Beach sweeps from Monmouth County to Cape May County discovered microplastics in the ocean and on the beach. In 2017, these sweeps found that more than 80 percent of the beaches’ trash was plastic.
In 2018, experts from various organizations’, including Rutgers and Princeton Universities, participated in a committee meeting with the Senate Environment and Energy Committee and the Assembly Environment and Solid Waste Committee to discuss the issues of single-use plastics and plastic waste. One of the topics discussed was the dangers of microplastics. Studies have revealed that when plastics break down over time they become tiny microplastics.

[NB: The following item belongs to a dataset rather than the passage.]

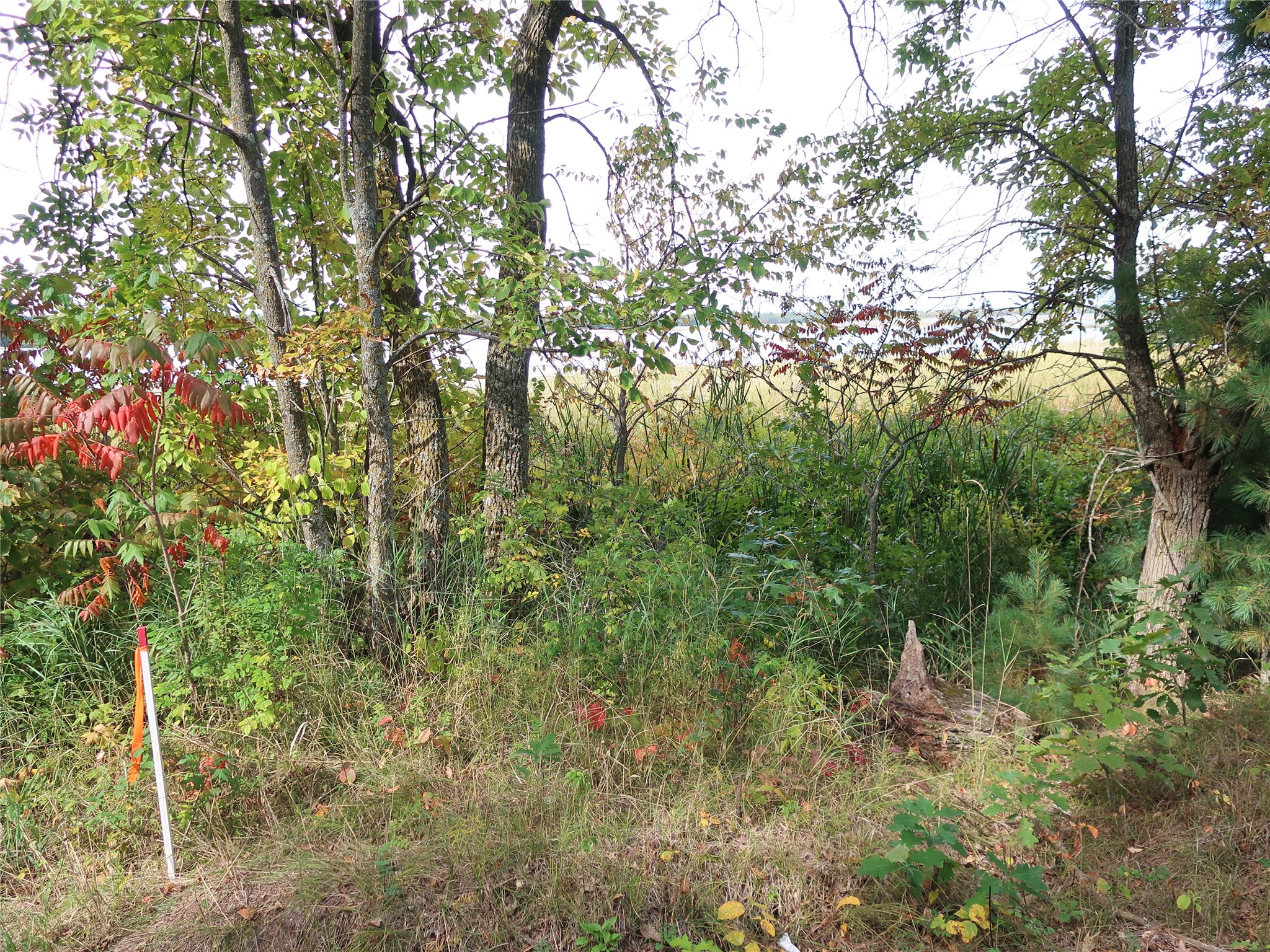 Tbd Old 35 Property Photo 10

“The numbers don’t lie and if you have been to the beach you can see it with your own eyes,” said Senator Greenstein (D-Mercer/Middlesex). “There are an estimated 150 tons of plastics currently in our oceans and about eight-million additional tons enter each year. The EPA estimated that Americans disposed of more than 33 million tons of plastic in 2014, and most of it wasn’t recycled. It is irresponsible and inexcusable not to utilize alternatives over plastic. We need to stop the damage now.”
Those in violation of any provision of the bill would be subject to a warning for a first offense, up to $1,000 for a second offense, and up to $5,000 for a third or subsequent offense. The Department of Environmental Protection (DEP), municipalities and counties certified under the “County Environmental Health Act” would have the authority to enforce the provisions of the bill. All penalties collected would go to the existing Clean Communities Fund.
The state would be required to establish a program to assist businesses with complying with provisions of the bill.
The DEP would establish a permanent Plastics Advisory Council to annually evaluate the implementation of the act, study health impacts of plastics and alternatives to plastics, and recommend ways to reduce the use of plastics and the amount of plastics entering the environment and increase the rate of recycling of plastics.
Eight states have banned single-use plastic bags, including California, New York, Vermont, Connecticut, Delaware, Oregon, Maine and Hawaii. Major cities including Boston, Los Angeles, Seattle and Minneapolis. Maine, Maryland and Vermont have passed laws banning polystyrene food service products, as well as countless municipalities across the country.
The bill released from committee by a vote of 8-4-1.